State economic development officials ran 10 simulations to estimate the job creation impact of extending between $50 and $80 million to CIGNA in return for moving its corporate headquarters to Connecticut, but according to their testimony to
the Freedom of Information Commission none of the estimates matched the final deal between the state and the health insurer.
Gov. Dannel Malloy instituted the First Five program as a cornerstone of his economic development strategy. The program offered incentives to the first five businesses to agree to move to Connecticut.
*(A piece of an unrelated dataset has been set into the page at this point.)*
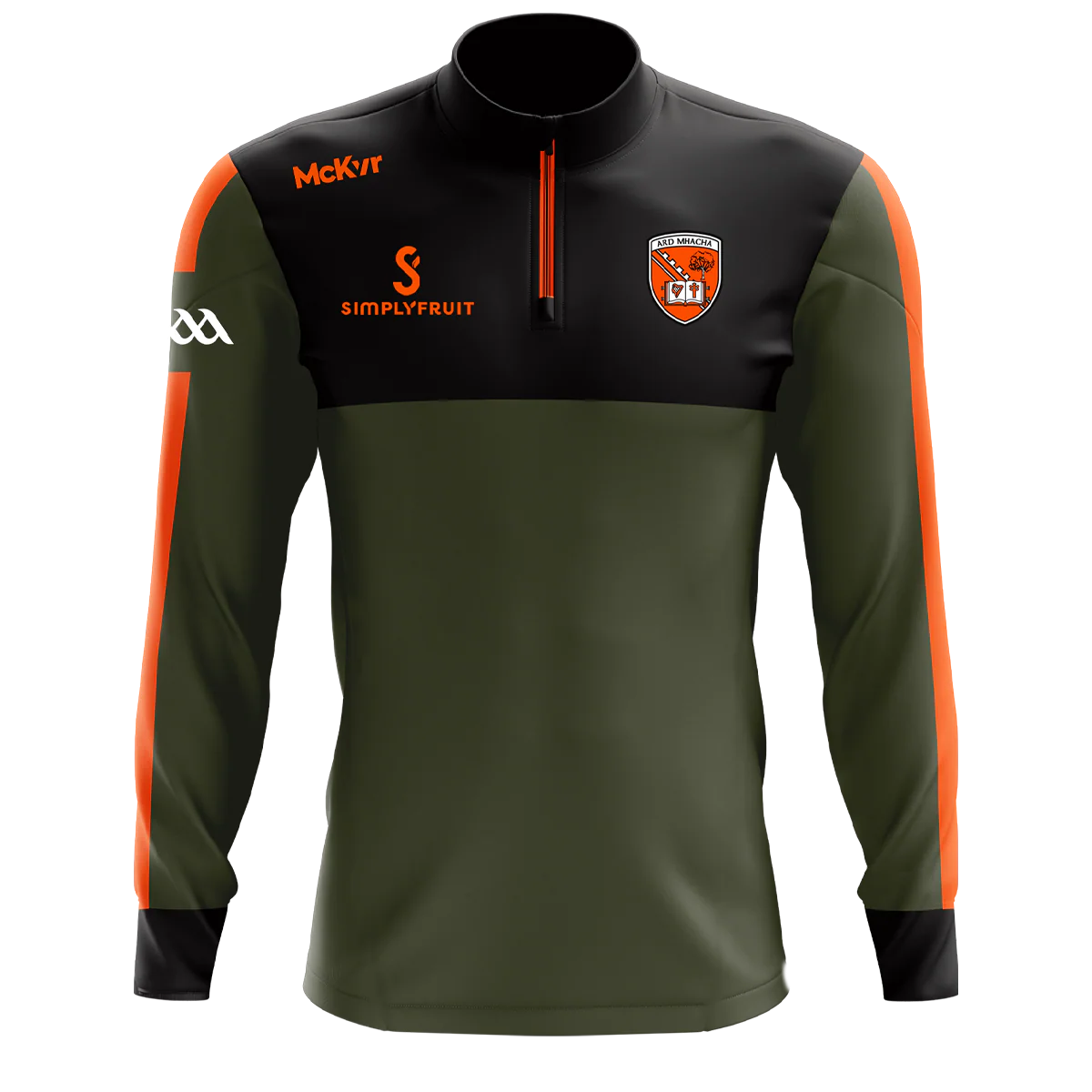 Armagh GAA Edge 1/4 Zip Youth Olive/Black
Since the initial round of companies received funding, Malloy received legislative approval to expand it to an additional five companies.
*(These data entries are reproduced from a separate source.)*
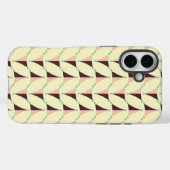 Geometric pattern in retro vibe Case-Mate iPhoneケース (裏面 (横))
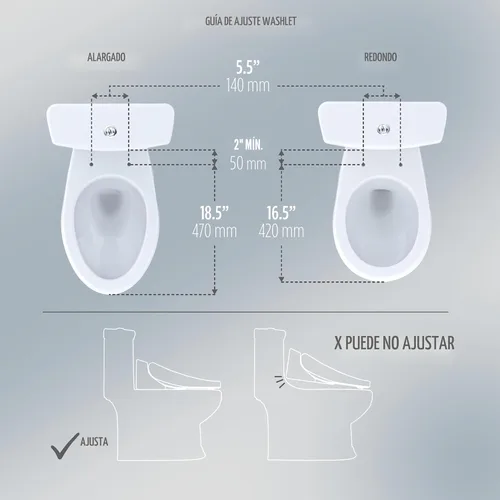 Miniatura 14 de TOTO WASHLET+ S7 - Asiento de inodoro electrónico con bidé EWATER+ con limpieza de tazón y varita y tapa contemporánea, alargado, algodón blanco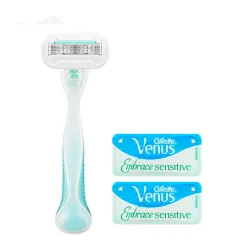 Tool Holder Head Private Parts Leg Hair Armpit Shaving Armpit Hair Knife - Blue - View 1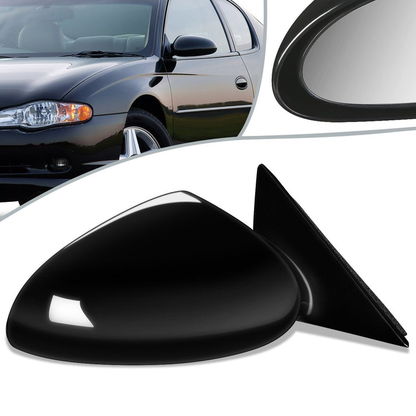 RETROVISOR MIRROR - OEM - 00-05 CHEVY MONTE CARLO - POWERED - HEATED - PAINTABLE - BLACK - RIGHT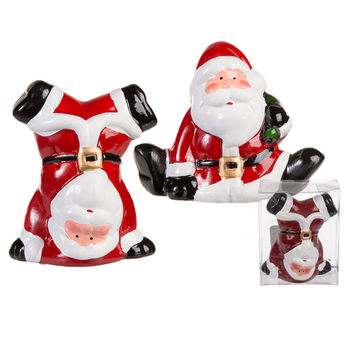 CERAMIC CHRISTMAS IN GIFTBOX, Ca. 9 Cm. (24st.)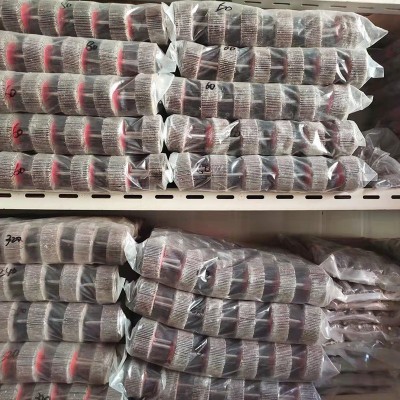 带柄叶轮磨头百叶砂布磨头有轴叶轮 圆柱砂布打磨头 带柄页轮厂家图5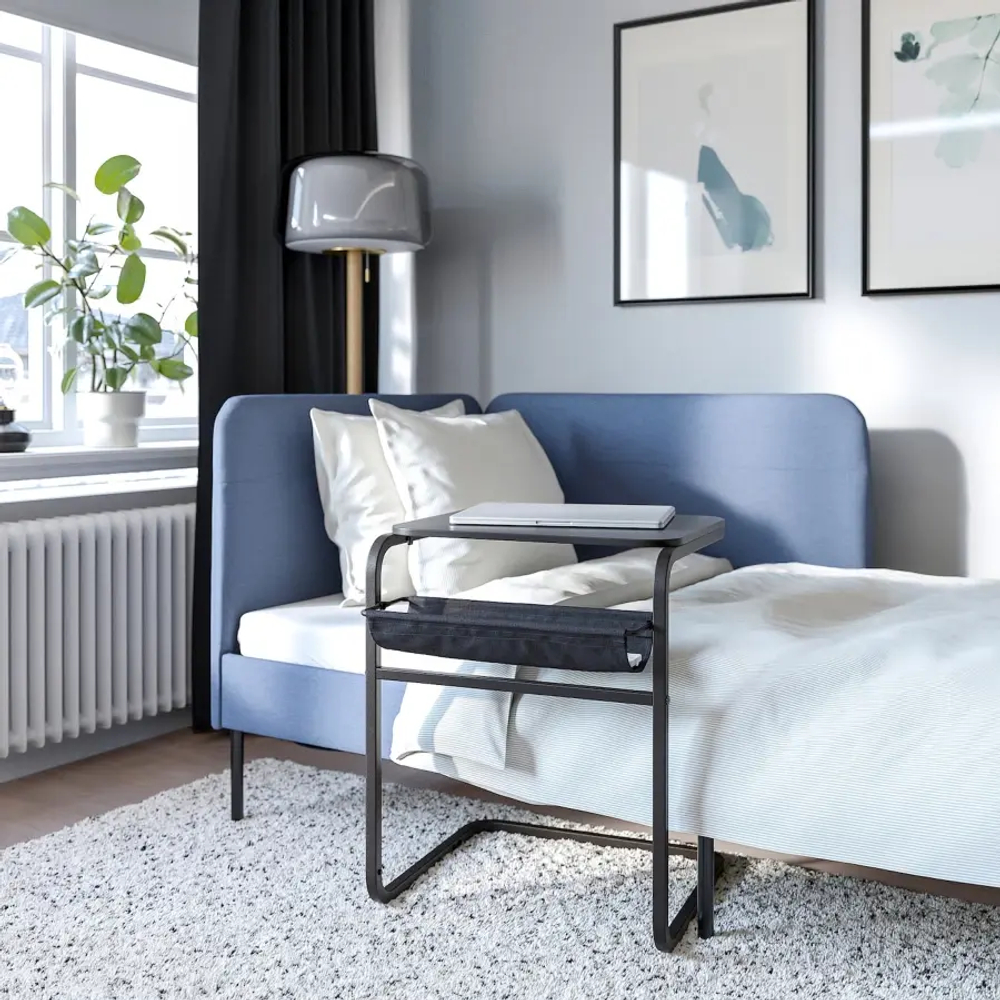 Столик придиванный -  IKEA OLSERÖD/ОЛСЕРОД ИКЕА, 63х53х50 см, черный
In 2011, shortly after the state announced the CIGNA deal, Department of Economic and Community Development Commissioner Catherine Smith told Courant reporter Rick Green that DECD used a “very sophisticated model” to analyze the CIGNA deal and determine its value to the state.
In response to Green’s reporting, Raising Hale filed a Freedom of Information Act request for the model. DECD responded by explaining the state licenses the model from Regional Economic Models, Inc., or REMI.
In subsequent requests, Raising Hale asked for the inputs to the model and its outputs. The state released some of the inputs and claimed others were exempt as information received from a company.
According to DECD’s response, the state assumed CIGNA will hire 200 new employees and all of them will live in Connecticut. The model also assumed $44.3 million in state spending over 10 years will be shifted to CIGNA.
DECD claimed an exemption allowed it to keep the following documents secret:
- Spending on construction between 2011 and 2015
- Spending on computers and office equipment between 2011 and 2015
- The expected increase in the amount of capital in Connecticut
- CIGNA’s average compensation
- The value of CIGNA’s savings from not having to get market-rate financing
In response to a second request, the state claimed all of the outputs from the REMI model were exempt. Raising Hale filed a complaint to the Freedom of Information Commission alleging the state had no legitimate reason to keep these documents secret.
At a hearing before a staff attorney for the commission, DECD Deputy Commissioner Ronald Angelo Jr. and recently retired department economist Stanley McMillen testified the state had used the model to estimate the effects of the deal with CIGNA 10 times, but none of the estimates matched the exact deal given to the company.
“On the record, the respondents described the records as ten ‘runs’ of different scenarios of investments by CIGNA and incentives that the state might offer,” the commission said in its decision. “With various different assumptions, different outputs resulted, none of which are based on the agreement that finally emerged.”
At the hearing and later at a meeting of the commission itself, lawyers for DECD claimed the release of documents containing the REMI outputs would hurt the state’s economic development efforts and therefore are trade secrets under the law.
There is an exemption in the state’s Freedom of Information Act that protects trade secrets from disclosure. A recent Connecticut Supreme Court decision allowed the University of Connecticut to claim the government has trade secrets.
It is unclear whether the court’s decision could lead to the prosecution of state employees who disclose documents the state deems trade secrets.
Raising Hale argued the state was attempting to protect a negotiating strategy and, according to state law, negotiations are only protected while ongoing. In other words, while the state is negotiating with CIGNA, these documents would remain secret, but once a deal is made the documents would become publicly available.
The hearing officer accepted the state’s defense and the commission voted to adopt his report with one amendment.